The Unredacted HHS Docs
What do they say? What do they mean? What difference do they make?
Thanks to Matt, whoever it was that leaked HHS’s scheduling recommendation to Bloomberg a while back, and FOIA, I was up all night last night reviewing the unredacted copy of HHS’s 252-page analysis. A month ago, I went through a similar exercise with the heavily-redacted copies. Although HHS had revealed only scattered fragments and snippets of its analysis back then, I read the tea leaves and gave my best guesses as to what the agency’s analysis might say. My key predictions were that we would eventually learn that HHS
recommended that DEA move cannabis to schedule III;
established a “newly-minted standard” for currently accepted medical use based on “state-level data regarding widespread medical use of marijuana under state law” and deference to the “State laws and State licensing bodies [that] collectively regulate the practice of medicine” under our federalist system;
applied that new standard to conclude that cannabis does, in fact, have a currently accepted medical use;
“include[d] a broader and more current data set” in its analysis; and
“focus[ed] less on the sheer amount of illegal marijuana use and more on marijuana’s abuse potential and safety profile compared to other substances of abuse” when compared to past rescheduling proceedings.
Having reviewed the unredacted documents carefully now, I’m happy to report that my predictions were pretty much spot on across the board. We’ll probably do multiple posts on the implications of HHS’s analysis. For now, though, I’m just going to describe the key standards and conclusions underlying HHS’s analysis and flag a couple of things that really jumped out at me.

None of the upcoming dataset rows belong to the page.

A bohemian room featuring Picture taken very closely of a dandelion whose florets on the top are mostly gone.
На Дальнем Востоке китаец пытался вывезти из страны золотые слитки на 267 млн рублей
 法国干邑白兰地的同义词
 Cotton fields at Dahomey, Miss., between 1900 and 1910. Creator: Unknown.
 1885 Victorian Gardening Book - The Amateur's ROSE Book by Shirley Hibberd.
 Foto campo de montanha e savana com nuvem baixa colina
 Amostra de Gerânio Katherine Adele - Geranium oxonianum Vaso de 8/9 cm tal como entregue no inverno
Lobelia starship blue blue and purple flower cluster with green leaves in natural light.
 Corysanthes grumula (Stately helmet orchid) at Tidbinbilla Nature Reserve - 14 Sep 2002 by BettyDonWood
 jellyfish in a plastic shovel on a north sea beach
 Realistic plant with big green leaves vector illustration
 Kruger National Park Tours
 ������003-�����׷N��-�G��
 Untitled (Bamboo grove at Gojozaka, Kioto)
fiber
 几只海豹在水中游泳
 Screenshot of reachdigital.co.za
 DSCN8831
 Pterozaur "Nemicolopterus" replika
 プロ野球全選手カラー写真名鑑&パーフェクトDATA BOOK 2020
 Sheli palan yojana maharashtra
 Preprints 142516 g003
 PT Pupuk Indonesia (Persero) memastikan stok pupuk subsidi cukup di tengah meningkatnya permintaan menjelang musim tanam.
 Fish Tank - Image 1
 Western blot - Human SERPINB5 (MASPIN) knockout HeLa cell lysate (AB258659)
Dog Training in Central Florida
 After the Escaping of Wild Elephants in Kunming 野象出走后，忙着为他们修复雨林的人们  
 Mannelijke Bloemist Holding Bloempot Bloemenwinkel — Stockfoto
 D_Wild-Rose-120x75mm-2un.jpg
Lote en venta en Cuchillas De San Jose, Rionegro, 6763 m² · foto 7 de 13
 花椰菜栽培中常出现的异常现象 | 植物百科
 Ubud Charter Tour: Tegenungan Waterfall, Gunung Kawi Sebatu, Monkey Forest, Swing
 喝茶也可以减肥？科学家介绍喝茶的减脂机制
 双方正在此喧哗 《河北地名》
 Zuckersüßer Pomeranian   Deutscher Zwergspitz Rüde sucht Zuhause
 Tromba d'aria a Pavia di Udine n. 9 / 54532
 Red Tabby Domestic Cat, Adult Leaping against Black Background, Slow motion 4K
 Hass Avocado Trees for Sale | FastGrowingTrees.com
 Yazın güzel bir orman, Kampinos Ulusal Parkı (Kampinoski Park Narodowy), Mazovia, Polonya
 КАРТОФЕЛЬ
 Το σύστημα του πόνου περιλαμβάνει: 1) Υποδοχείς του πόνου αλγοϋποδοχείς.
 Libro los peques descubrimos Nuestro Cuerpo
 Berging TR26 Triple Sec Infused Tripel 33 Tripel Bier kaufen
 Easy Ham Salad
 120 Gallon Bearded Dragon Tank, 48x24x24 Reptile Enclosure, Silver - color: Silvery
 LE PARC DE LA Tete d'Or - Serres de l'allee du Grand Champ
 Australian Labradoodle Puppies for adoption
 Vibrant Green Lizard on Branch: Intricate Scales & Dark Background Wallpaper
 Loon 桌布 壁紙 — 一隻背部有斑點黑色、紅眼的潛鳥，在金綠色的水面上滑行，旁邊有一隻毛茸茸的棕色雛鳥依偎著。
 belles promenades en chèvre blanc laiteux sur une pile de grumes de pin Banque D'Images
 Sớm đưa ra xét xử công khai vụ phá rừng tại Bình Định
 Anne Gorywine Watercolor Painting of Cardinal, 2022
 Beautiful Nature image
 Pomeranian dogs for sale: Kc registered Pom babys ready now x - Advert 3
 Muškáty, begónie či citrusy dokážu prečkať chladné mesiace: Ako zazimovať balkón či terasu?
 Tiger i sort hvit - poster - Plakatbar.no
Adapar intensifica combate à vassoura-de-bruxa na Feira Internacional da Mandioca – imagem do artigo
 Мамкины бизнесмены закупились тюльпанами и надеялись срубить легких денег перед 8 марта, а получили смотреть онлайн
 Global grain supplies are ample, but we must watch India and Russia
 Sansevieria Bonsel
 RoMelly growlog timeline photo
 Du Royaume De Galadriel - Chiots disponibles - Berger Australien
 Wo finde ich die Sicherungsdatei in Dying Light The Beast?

My analysis proceeds in three parts. First, I provide a high-level overview of the key statutory findings underlying HHS’s conclusion that cannabis belongs in schedule III. Second, I discuss those three findings in greater depth, unpacking HHS’s basic rationale for each of them. Third, I highlight a few features of HHS’s analysis that I found especially interesting or noteworthy.
PART I: THE BASICS
As mentioned, we now know once and for all that HHS has in fact recommended that DEA reschedule cannabis from schedule I to schedule III. Under the statute,1 HHS must make three specific findings before it can make such a recommendation:
Cannabis has a potential for abuse less than the drugs or other substances in
schedules I and II;
Cannabis has a currently accepted medical use in treatment in the United States; and
Abuse of cannabis may lead to moderate or low physical dependence or high
To decide whether it can make those findings, the statute2 requires HHS to consider eight factors:
Cannabis’s actual or relative potential for abuse;
Scientific evidence of its pharmacological effect, if known;
The state of current scientific knowledge regarding the drug or other substance;
Its history and current pattern of abuse;
The scope, duration, and significance of abuse;
What, if any, risk there is to the public health;
Its psychic or physiological dependence liability; and
Whether the substance is an immediate precursor of a substance already controlled.
Turning to the analysis HHS released to Matt, you’ll see that the agency walks through those factors one at a time on pages 6-61 of the 252-page .pdf document. Then from pages 62-66, it makes the three statutory findings necessary to support a schedule III recommendation before concluding that cannabis does, in fact, belong in schedule III. Pages 66-78 contain a list of references.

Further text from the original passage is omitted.